Licensing can be a great way for an individual inventor to profit from an invention without risking a lot of funds up front to develop manufacturing and distribution capability. However, it is almost always less profitable than manufacturing a product. The real rewards generally go to the party that has the financial wherewithal and is willing to assume the risk of actually bringing the product to market, as opposed to merely conceptualizing it. When you enter into a license agreement, you generally agree to take a small share of the profits from a product you let someone else produce using your patent rights. Manufacturing often yields profit margins in the 50% range. A typical royalty is 2-5% of the sales price per unit.
The discussions you have with a prospective licensor in the early stages of negotiating a licensing agreement should center on the market for the product, and how close the product is to being ready for market.
Usually, at the initial stages the inventor and licensee (e.g., manufacturer or distributor) review the projections of profits to be made and come to a sort of shared vision of the market. Remember, the manufacturer is taking a financial risk, in deciding whether to market this new product at all. At this stage the inventor should build a sense that the economic interests are aligned and that this is too good an opportunity for the prospective licensee to pass up. Bringing a visible, verbal lawyer in too early sends the wrong message. It can play into something we call the "greedy inventor" scenario, which can kill a deal.
The inventor should be careful to form a good relationship and come off as someone the manufacturer will want to work with at this stage, and possibly on future products. However, the inventor should not give up important legal rights by disclosing too much too soon. The inventor should be careful to check with an attorney before providing copies of patents, patent numbers, etc. at this stage. Unfortunately, some manufacturers lull inventors into a sense that a license offer is forthcoming, when really all they want to do is get information to design around the invention or get the inventors' market concept down. It is by no means the norm, but it happens.

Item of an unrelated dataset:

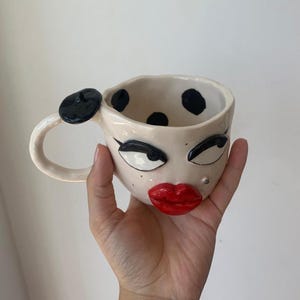 Op de afbeelding: Een crèmekleurige keramische mok met een handgeschilderd gezicht met dikke zwarte wenkbrauwen, lange wimpers en felrode lippen. Het handvat is versierd met een kleine zwarte baret en de binnenkant van de mok is voorzien van zwarte stippen.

Licensing is basically contract law, and the specialized aspect of a license is not so much the contract law itself, but rather the overlay of specialized practices to each particular industry. I am not aware of rigid or standard royalty rates in any industry for products, but I am aware of ranges. There are ascertainable ranges for royalties based on industry comparables, but royalty rates within these ranges truly depend on a variety of industry, competition, market and other factors unique to each product. It is the job of the inventor (or agent) to know and address these factors well in pitching their product, and to research comparable products. Advances and minimums (i.e., up-front payments before actual product sales) are negotiable but not standard, since these things depend on the leverage of the inventor and the risk the manufacturer perceives they are taking. Many license agreements do not offer them at all, and sometimes it is quite reasonable they do not.

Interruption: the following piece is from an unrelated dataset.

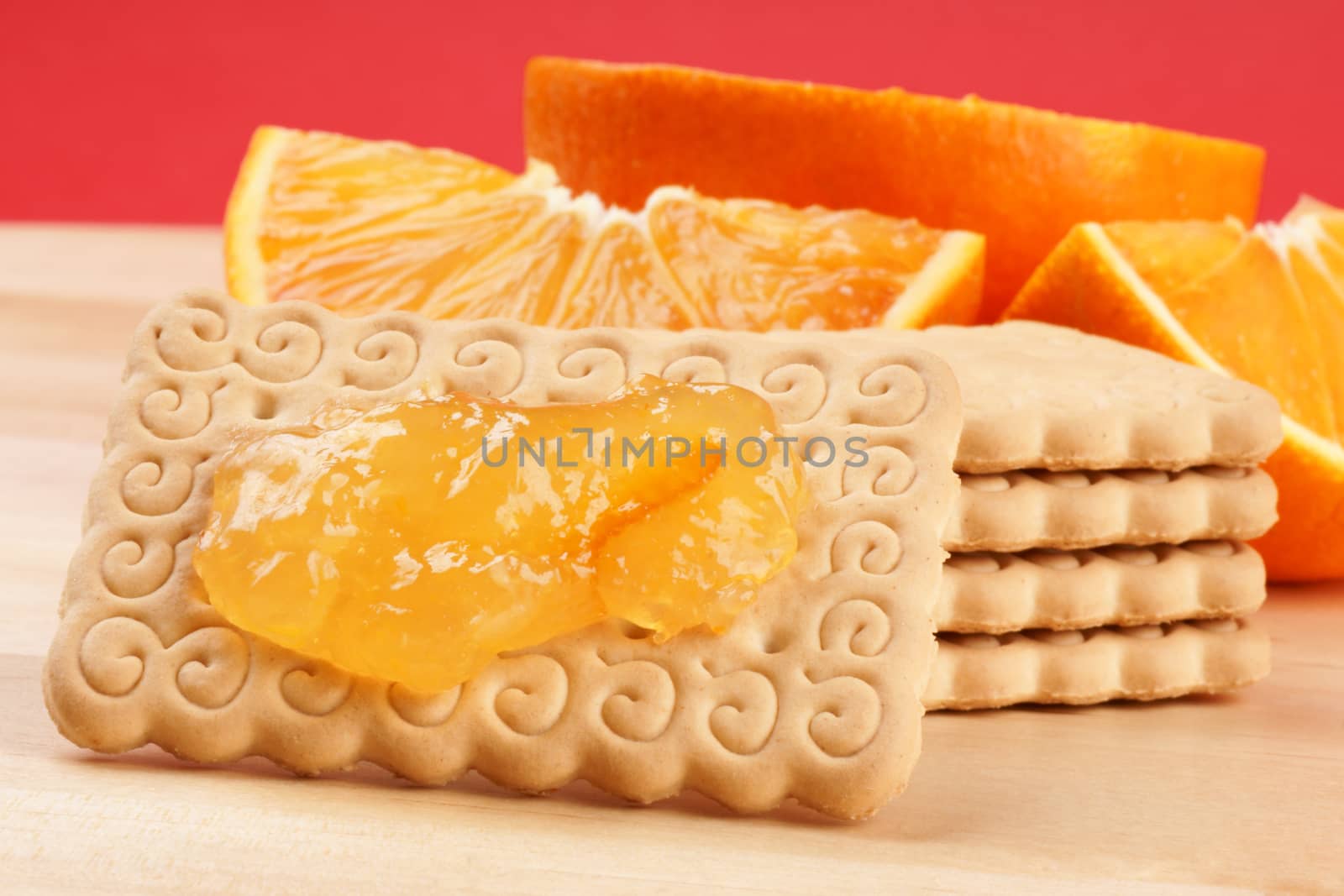 Biscuits, marmalade and slices of orange on a wooden cutting board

With the understanding that all products, markets and stages of development are different, here are a few more tips for negotiating a license for an invention that is near-ready for market.
Consider leveraging interest expressed by one manufacturer to contact others. There is no prohibition on this. Don't drop off communications with the rest of the industry just because one prospective licensor has started a dialogue with you. In fact, rev it up. Generating a sense of competition at this stage, when done appropriately, can help an inventor negotiate a higher royalty. Plus not every deal goes through; it's a good idea to be in contact with multiple prospects. Consider non-exclusive and territorial licenses, and do not rule out the possibility of manufacturing yourself later, which means that the manufacturer will have to view you as a source of potential competition as well. (Manufacturing yourself, when possible, inevitably leads to higher profits.)
Once the parties have a sense of the market, hopefully the inventor has done their homework. At this stage the inventor should:
Know rates of royalty for similar products in the industry.
Be prepared to argue why their product justifies a royalty at the
high end of the range.
Work with an attorney to identify additional points for negotiation
such as actual payment terms, rights retained by inventor, etc
As the inventor, you should be prepared to make good, logical arguments based on facts and market analysis as to why their product justifies a royalty at the high end of the range. The Licensee/Manufacturer/Distributor will then make a counter offer, etc. Once the parties have reached a general agreement, a lawyer can look at the terms or draft an agreement to ensure that expectations are met and there are no clauses which will surprise the inventor unfairly down the road. Sometimes, there is an advance payment to seal the deal, but many times not. Inevitably, attorneys will look closely at the method for verifying the sales on which royalty payments are made and exclusivity issues.